# Another survery: Do you REALLY enjoy sex with your spouse?



## loveandmarriage (Aug 8, 2008)

m


----------



## GAsoccerman (Mar 24, 2008)

Hmmm interesting. My wife is not a oral person, even though I love doing it to her, I would do it for hours if she would let me :smthumbup:

She does not like anal, but will do it when it's that time of month, she is not a fan of it.

My wife is very orgasmic, she often has multiple orgasm and can reach one with me just kissing her back and neck.

I guess allot has to do wtih your mental state, I always looked at sex as pleasing my partner, My goal as I learned my ways was to make sure the woman was please, so as I got older I got better.

Plus i am game for anything, we do Role playing as well and Photo shoots, some home videos. She has toys and doesn't bother me if she gets more or whatever.

As long as she is happy doing it I am fine, the more she wants to try then I am in.

Sorry your hubby is not oral, he has no idea what he is missing.

I always find that opposites attract, but breaking down barriers is also fun.


----------



## MarkTwain (Aug 1, 2008)

loveandmarriage said:


> I am down for trying all types of dildos and sex toys, and would love for him to buy one for me so we can try it out. However he doesn't want to buy one because he doesn't want people thinking he is buying it for himself.


So what are your reasons for not buying the toys you want, and giving them to your hubby to use on you?


----------



## loveandmarriage (Aug 8, 2008)

MarkTwain said:


> So what are your reasons for not buying the toys you want, and giving them to your hubby to use on you?


I'm a SAHM (stay at home mom) so I am ALWAYS with the kids (plus no babysitter to rely on). My husband travels a lot too, so I cannot go to a store and buy. 

I don't want to buy something like this on the internet. I want to see what I am getting.


----------



## loveandmarriage (Aug 8, 2008)

GAsoccerman said:


> Hmmm interesting. My wife is not a oral person, even though I love doing it to her, I would do it for hours if she would let me :smthumbup:
> 
> She does not like anal, but will do it when it's that time of month, she is not a fan of it.
> 
> ...


I love oral sex. It has always been a desire of mine to be with a woman, but those days are long gone. (Me too. "I am game for anything".)

My husband has always said (even before we were dating and sexually intimate, and we were just friends) that the "juices" does not appeal to him.

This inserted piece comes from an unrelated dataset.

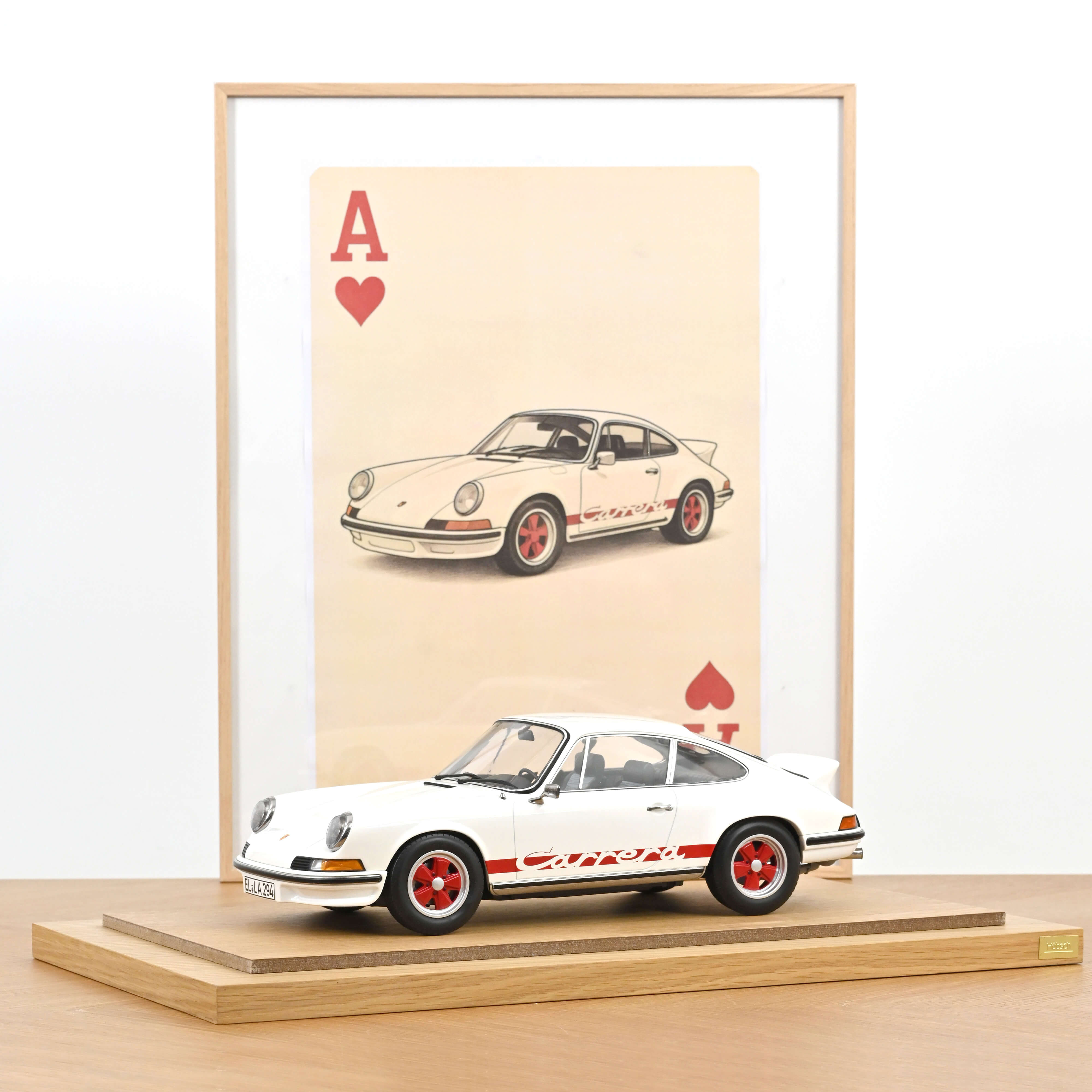 Porsche 911 Carrera RS 2.7 1973 Grand-Prix-White/Red 1:12 – Norev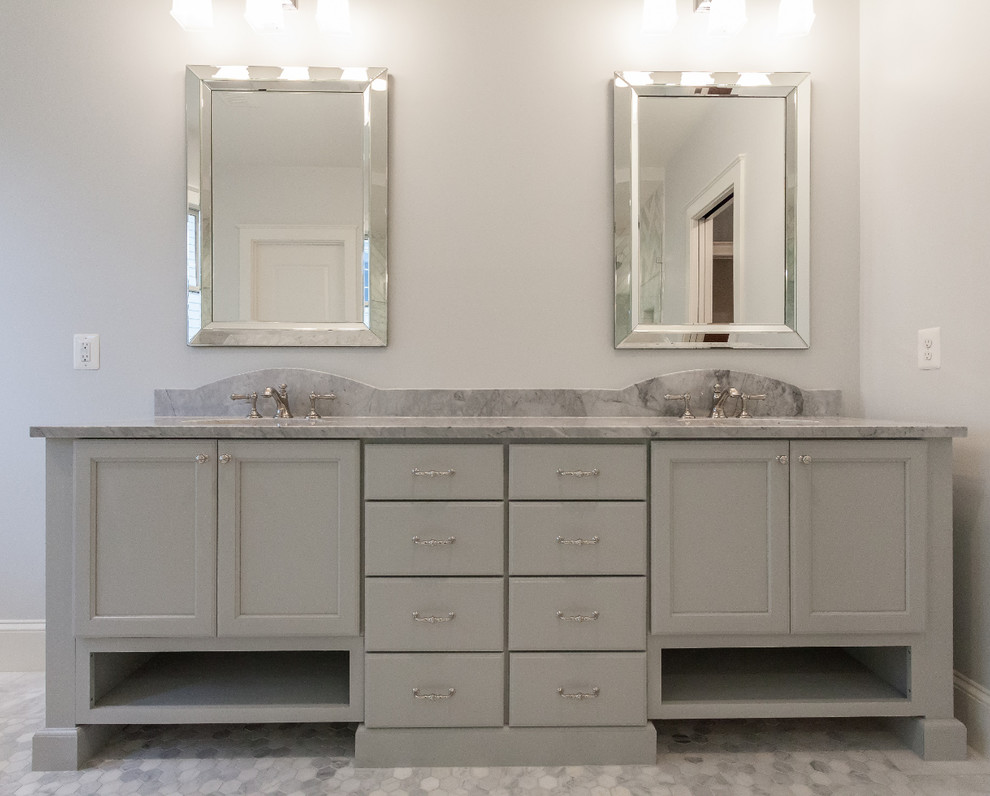 Inspiration for a mid-sized contemporary master bathroom in DC Metro with shaker cabinets, blue cabinets, a freestanding tub, an open shower, a one-piece toilet, white walls, linoleum floors, an undermount sink, granite benchtops, grey floor, a sliding shower screen and grey benchtops.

As far as my mental state. I do think that in my 20s I had the perfection complex where I wanted people to think I was perfect, so I think that played a role in me not being able to have an orgasm with a guy. However, as I got older and wiser, all of those hangups went out the door. I love talking about and having sex. :smthumbup:

I like doing whatever it takes to please my husband. I find it exciting especially when he likes it. 

We have not tried anal yet. We both want to, but because I am a "virgin" he is afraid he will hurt me. But (no pun intended), he likes "exploring" orally there.

I hope this is not being too graphic and please do not take offense. I don't mean to offend anyone, or get myself in trouble with the moderators (or whoever looks after offensive stuff on this site).


----------



## swedish (Mar 6, 2008)

loveandmarriage said:


> I hope this is not being too graphic and please do not take offense. I don't mean to offend anyone, or get myself in trouble with the moderators (or whoever looks after offensive stuff on this site).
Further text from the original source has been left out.